Der Rezensent schließt sich der Meinung von Oberschelp und seinen
Mitarbeitern an, daß der Zeitungsnachweis über die ZDB auch nach der
Regelwerk-Diskussion nur ein Notbehelf sein kann, bis eine
eigenständige Zeitungs-Datenbank zur Verfügung steht (S. 53). Es
besteht nach dieser Auffassung kein Zweifel daran, daß die
bibliographisch saubere Dokumentation der vorhandenen Zeitungsbestände
im deutschsprachigen Raum zudem nur auf regionaler Basis möglich ist.

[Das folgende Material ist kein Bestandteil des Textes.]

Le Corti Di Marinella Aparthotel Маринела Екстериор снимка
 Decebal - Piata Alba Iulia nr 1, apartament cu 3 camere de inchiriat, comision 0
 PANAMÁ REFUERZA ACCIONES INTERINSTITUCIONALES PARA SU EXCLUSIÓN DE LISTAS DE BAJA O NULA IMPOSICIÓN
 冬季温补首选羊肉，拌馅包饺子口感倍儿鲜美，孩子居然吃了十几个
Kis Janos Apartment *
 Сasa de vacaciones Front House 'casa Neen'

Gert Hagelweide hatte die dazu erschienenen Verzeichnisse bis 1970 im
ersten Band seiner Zeitungsbibliographie zusammengefaßt.[17] Für später
erschienene Bibliographien oder Bestandsverzeichnisse war man bisher
auf die o.a. Jahresbibliographien von Ubbens angewiesen. Die Lücke
schließt nun Manfred Pankratz mit seiner umfangreichen Aufstellung
Bibliographien, Standortkataloge und Bestandsverzeichnisse
deutschsprachiger Tageszeitungen (S. 181 - 209). Er hat seiner
Zusammenstellung den (gelegentlich ergänzten) Literaturbestand des
Instituts für Zeitungsforschung zugrunde gelegt, einschließlich der
Angabe von Signaturen. Reine Zeitungsnachweise überwiegen, doch findet
man auch allgemeine Verzeichnisse wie den Guide to microforms in print
oder die CD-ROM-Ausgabe der ZDB; formal breit gefächerte
Zugangsverzeichnisse wie die Liste der im Archiv des Instituts für
Publizistik [der FU Berlin] laufend bezogenen Zeitungen und
Zeitschriften; Listen von eingeschränkter Zugänglichkeit wie einen
Computerausdruck der Zeitungsbestände der Staatsbibliothek Preußischer
Kulturbesitz (Berlin-West), die in den Bestand der Deutschen
Staatsbibliothek (Berlin-Ost) eingearbeitet worden sind (1992) oder
den Ausdruck der Zeitungen der Württembergischen Landesbibliothek aus
der ZDB in vier Bänden (1998). Auf Werke wie den Stamm oder die
IVW-Auflagenliste wird hingegen ausdrücklich als unspezifisch
verzichtet (S. 181). Bibliographien des deutschsprachigen Auslands
sind nur berücksichtigt worden, wenn sie auch innerhalb des deutschen
Staatsgebietes erschienene Zeitungen nachweisen. Der Rezensent regt
an, diese Beschränkung bei einer - dann wohl selbständig erscheinenden
- Neubearbeitung der Bibliographie fallen zu lassen. Bei der so
unübersichtlichen politisch-geographischen Geschichte Mitteleuropas
scheinen Ausgrenzungen dieser Art wenig Sinn zu machen. Ziel sollte
die Erfassung aller Nachweise deutschsprachiger Zeitungen sein,
unabhängig vom Erscheinungsort. Falls die Quellenlage es zuläßt, wäre
selbst die Beschränkung auf Europa zu überdenken. - Bibliographische
Arbeiten dieser Art sind mühsam, zeitaufwendig und in der Regel
undankbar. Wir sollten Manfred Pankratz für die seine sehr danken. Der
Autor bekundet die Absicht, die Bibliographie gegebenenfalls als
selbständige Publikation fortzuführen. Das ist wünschenswert und wäre
für alle an der Materie Interessierten höchst nützlich.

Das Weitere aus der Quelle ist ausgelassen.